**Stored data entries:**
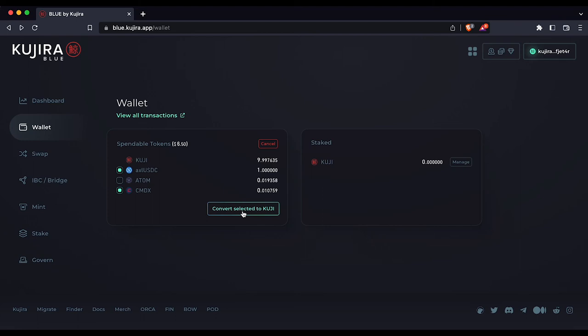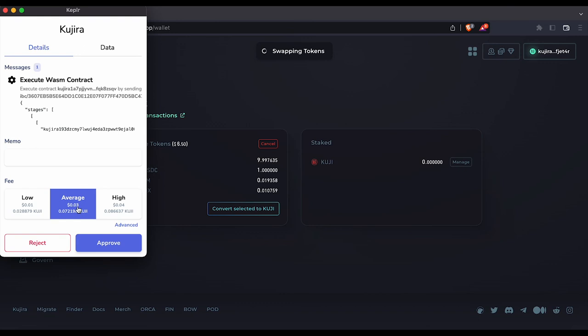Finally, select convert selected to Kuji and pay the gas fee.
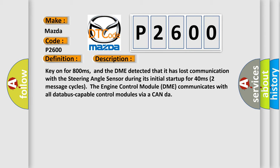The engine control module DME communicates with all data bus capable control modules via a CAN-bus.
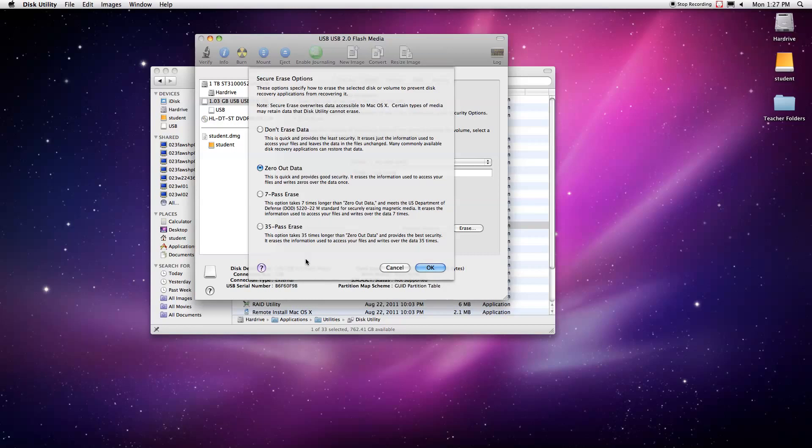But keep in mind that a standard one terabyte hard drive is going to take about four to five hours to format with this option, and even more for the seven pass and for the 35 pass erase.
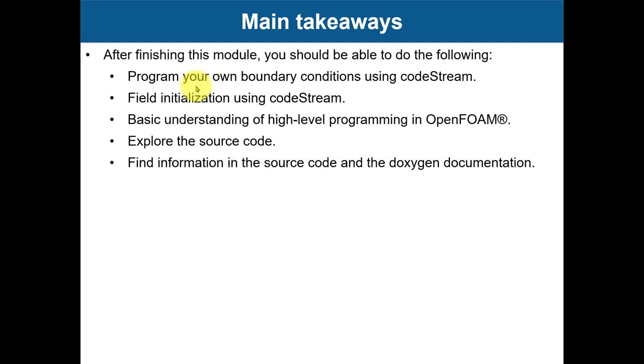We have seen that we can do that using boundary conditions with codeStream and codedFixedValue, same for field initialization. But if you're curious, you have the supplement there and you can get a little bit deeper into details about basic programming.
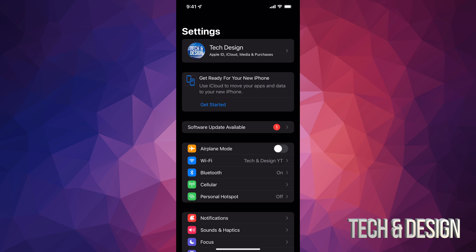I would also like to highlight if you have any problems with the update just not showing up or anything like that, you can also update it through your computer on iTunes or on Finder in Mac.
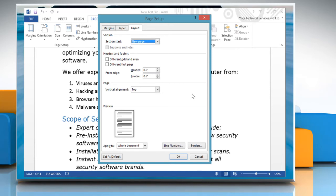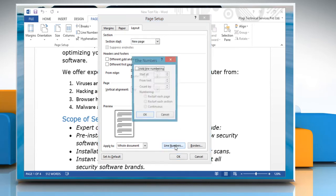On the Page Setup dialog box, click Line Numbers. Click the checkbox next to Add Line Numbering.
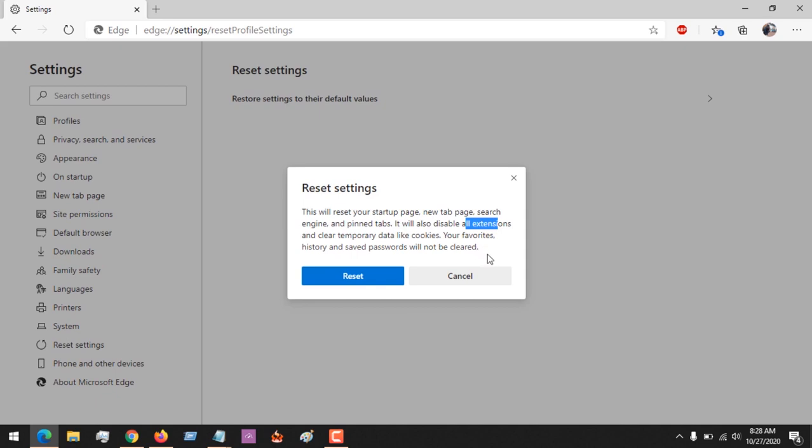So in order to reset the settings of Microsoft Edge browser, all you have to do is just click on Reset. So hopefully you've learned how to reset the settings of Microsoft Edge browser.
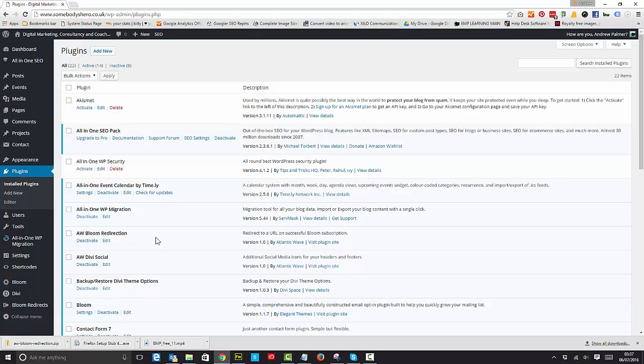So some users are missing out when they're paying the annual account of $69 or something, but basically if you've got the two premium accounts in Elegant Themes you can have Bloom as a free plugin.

--

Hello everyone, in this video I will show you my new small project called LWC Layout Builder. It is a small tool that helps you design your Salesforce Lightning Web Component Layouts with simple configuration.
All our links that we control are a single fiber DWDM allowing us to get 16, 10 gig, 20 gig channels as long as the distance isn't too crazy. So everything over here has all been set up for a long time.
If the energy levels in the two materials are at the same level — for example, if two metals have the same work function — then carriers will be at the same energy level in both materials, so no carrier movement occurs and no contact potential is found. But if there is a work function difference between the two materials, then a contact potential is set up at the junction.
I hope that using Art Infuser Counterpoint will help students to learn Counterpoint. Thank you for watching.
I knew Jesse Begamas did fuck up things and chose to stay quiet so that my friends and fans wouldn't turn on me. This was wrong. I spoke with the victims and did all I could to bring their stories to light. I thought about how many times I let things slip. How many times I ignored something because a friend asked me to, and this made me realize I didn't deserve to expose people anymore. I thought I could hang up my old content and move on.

**DESCRIPTION OF THE TASK:** Copy only this from above: the line containing "Finally, select convert", the line containing "But keep in", and all lines between, printed exactly. Leave out the pictures.

**SOLUTION FOR THIS EXERCISE:**
Finally, select convert selected to Kuji and pay the gas fee.
The engine control module DME communicates with all data bus capable control modules via a CAN-bus.
But keep in mind that a standard one terabyte hard drive is going to take about four to five hours to format with this option, and even more for the seven pass and for the 35 pass erase.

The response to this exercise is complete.